FAWNA president Suzi Strapp said not only did the influx of tourists driving down south negatively impacted wildlife, so did the prescribed burns that were occurring in the region by Department of Biodiversity Conservation and Attractions.
"FAWNA volunteers received countless calls from members of the public requesting assistance with severely injured kangaroos," she said.
"Most with broken limbs from road trauma but others, known as "fence hangers" which describes the entanglement of the kangaroos limb as it tries to escape a busy road by scaling a fence.
"Kangaroos with significant leg injuries cannot be rehabilitated and must be promptly euthanised to prevent undue suffering."
A department spokesperson said they encourage everyone to contact its Wildcare Helpline when they see a wild animal needing help.
"The helpline volunteers offer advice on sick, injured or displaced native wildlife and refer callers to a wider network of experts and registered wildlife rehabilitators in their area for assistance," the spokesperson said.
However, Ms Strapp said when her volunteers called the helpline the wildlife officers were "missing in action".
She said that when she asked for help to euthanise an injured kangaroo the person on the phone said " we have no one available- they are all at the fires".

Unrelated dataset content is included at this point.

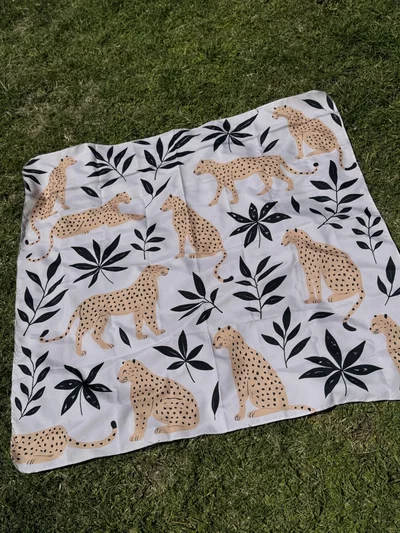 LONA PLAYERA LEOPARDO 150x150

After trying for an hour to locate someone that could euthanise the animal, Ms Strapp said the wildlife helpline worker said she would need to call police.
"We are reticent to call the police to assist unless the animal is causing a road hazard- they are already over stretched on long weekends," Ms Strapp said.
The department spokesperson said the wildlife helpline received 31 calls in relation to injured kangaroos over the Easter long weekend and 11 of the calls were from areas between Busselton and Augusta.
"Wildcare Helpline volunteers then contacted a volunteer animal control agent to attend to these calls," the spokesperson said.
Ms Strapp FAWNA encountered six kangaroos that needed euthanasia just on Easter Sunday.
"Approaching an injured Kangaroos is extremely dangerous and it is unacceptable that there is no one available from DBCA on our busiest weekend of the year, why on earth would a department perform a prescribed burn on an Easter long weekend?" she said.
The department spokesperson said recent prescribed burns in the South West prioritised areas where smoke would be blowing away from road networks to "minimise potential impacts to wildlife and disruption to the broader community".
"Motorists are also advised to drive to conditions, take care, turn on headlights and travel at appropriate speeds when travelling in these areas," the spokesperson said.
"The department will continue to take a proactive approach to providing public smoke alerts to ensure people can put appropriate measures in place to minimise any potential impacts."